Missino in gioventù, su quella poltrona era arrivato alla fine degli anni 10 grazie al suo periodo salvinian-sovranista. Cosa abbia spinto Meloni a promuoverlo alla Cultura resta un mistero, sempre che lo scopo non fosse quello di riequilibrare l’implacabile attitudine alle gaffe del cognato Lollobrigida con la parallela e strenua vocazione di Sangiuliano per gli spropositi, tanto più comici quanto più dettati dall’alta e compiaciuta considerazione di sé; mentre il secondo mistero è come mai, pur disponendo di un imponente apparato di consiglieri e comunicatori, il ministro non si sia ancora accorto che lo sfoggio, gli onori, il red carpet, il potere, insomma, altro non è che una mostruosa lente d’ingrandimento a cottura ravvicinata in grado di trasformarlo in un crostino scottadito.

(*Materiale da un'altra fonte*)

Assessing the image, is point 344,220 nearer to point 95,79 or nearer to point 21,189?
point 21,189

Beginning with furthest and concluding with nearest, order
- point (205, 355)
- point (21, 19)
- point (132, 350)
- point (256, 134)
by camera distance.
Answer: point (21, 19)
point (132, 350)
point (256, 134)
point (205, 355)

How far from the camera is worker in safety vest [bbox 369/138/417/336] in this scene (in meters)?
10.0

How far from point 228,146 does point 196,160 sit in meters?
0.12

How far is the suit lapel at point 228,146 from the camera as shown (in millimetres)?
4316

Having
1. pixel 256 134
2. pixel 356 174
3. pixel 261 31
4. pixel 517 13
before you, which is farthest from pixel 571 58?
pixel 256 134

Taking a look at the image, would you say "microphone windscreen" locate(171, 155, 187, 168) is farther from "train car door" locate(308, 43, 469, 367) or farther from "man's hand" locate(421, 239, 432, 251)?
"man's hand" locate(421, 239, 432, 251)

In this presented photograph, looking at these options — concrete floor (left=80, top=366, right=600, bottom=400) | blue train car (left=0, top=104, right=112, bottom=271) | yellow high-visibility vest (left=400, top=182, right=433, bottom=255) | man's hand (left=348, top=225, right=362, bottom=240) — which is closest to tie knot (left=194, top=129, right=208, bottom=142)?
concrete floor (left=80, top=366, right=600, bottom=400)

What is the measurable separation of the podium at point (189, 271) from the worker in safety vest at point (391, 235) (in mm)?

Ciò detto, sarebbe ingiusto pensare che egli non ama la cultura, e non solo per una certa smania contabile che appena possibile l’ha portato a fissare pubblicamente in 15 mila i volumi della sua biblioteca, oltre che in 18 i libri scritti di suo pugno. La questione, semmai, è che Sangiuliano ama assai più se stesso della cultura e che quest’ultima si vendica così di frequente da averlo trasformato in un soggetto d’intrattenimento. A volte non è necessario nemmeno che si esprima, basta osservarlo: gentile, impettito, permaloso, volonteroso, pomposo, ghiotto di riconoscimenti e avido di applausi, perfetto per un cartoon. Diceva Socrate di non sapere nulla. Dice Sangiuliano che Colombo deve tutto a Galileo, ma forse era Tolomeo.